WHAT YOU NEED TO DO » For this exercise, repeat exactly the lines below starting at the line holding "So hopefully you" and ending at the line holding "Today we have", both included, with no extra lines and no pictures.

EXERCISE MATERIAL »

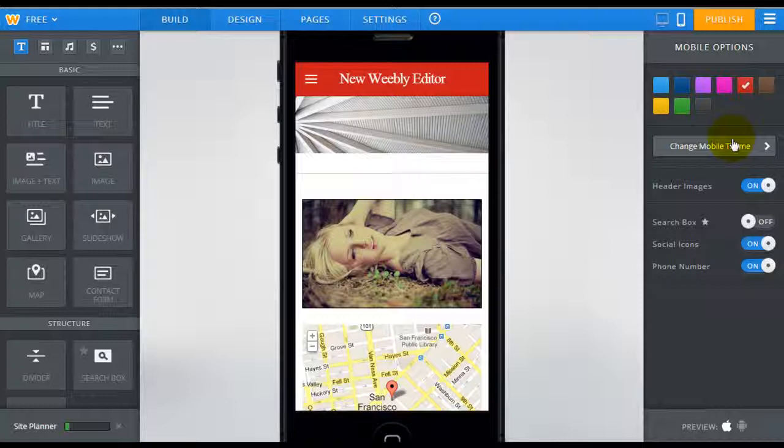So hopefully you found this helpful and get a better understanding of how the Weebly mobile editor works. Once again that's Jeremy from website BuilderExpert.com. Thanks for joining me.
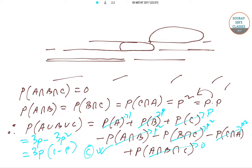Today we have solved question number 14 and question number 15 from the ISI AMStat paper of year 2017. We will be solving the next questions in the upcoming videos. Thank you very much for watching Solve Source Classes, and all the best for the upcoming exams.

==

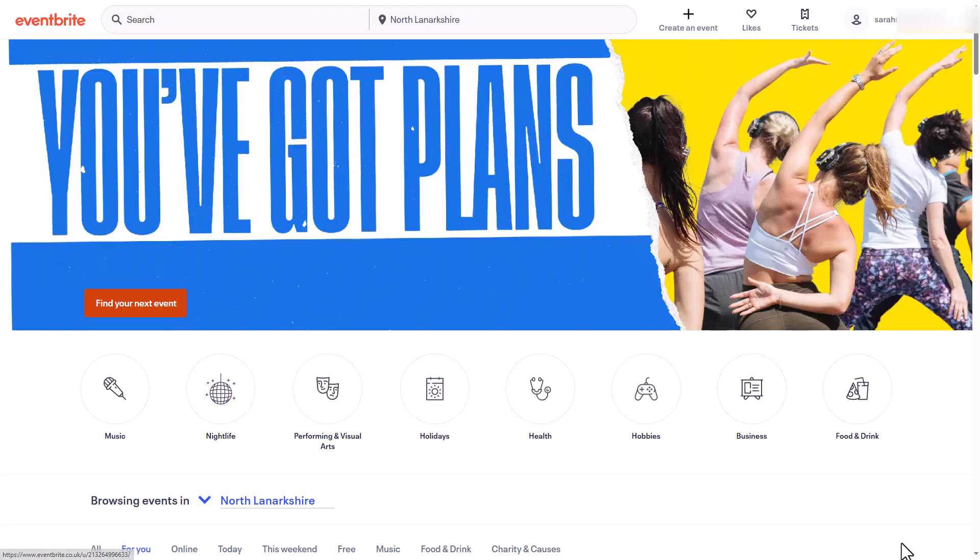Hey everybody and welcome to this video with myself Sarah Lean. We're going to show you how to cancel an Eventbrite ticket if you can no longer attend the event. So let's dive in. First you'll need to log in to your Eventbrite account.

RESULT FOR THIS EXERCISE »
So hopefully you found this helpful and get a better understanding of how the Weebly mobile editor works. Once again that's Jeremy from website BuilderExpert.com. Thanks for joining me.
Today we have solved question number 14 and question number 15 from the ISI AMStat paper of year 2017. We will be solving the next questions in the upcoming videos. Thank you very much for watching Solve Source Classes, and all the best for the upcoming exams.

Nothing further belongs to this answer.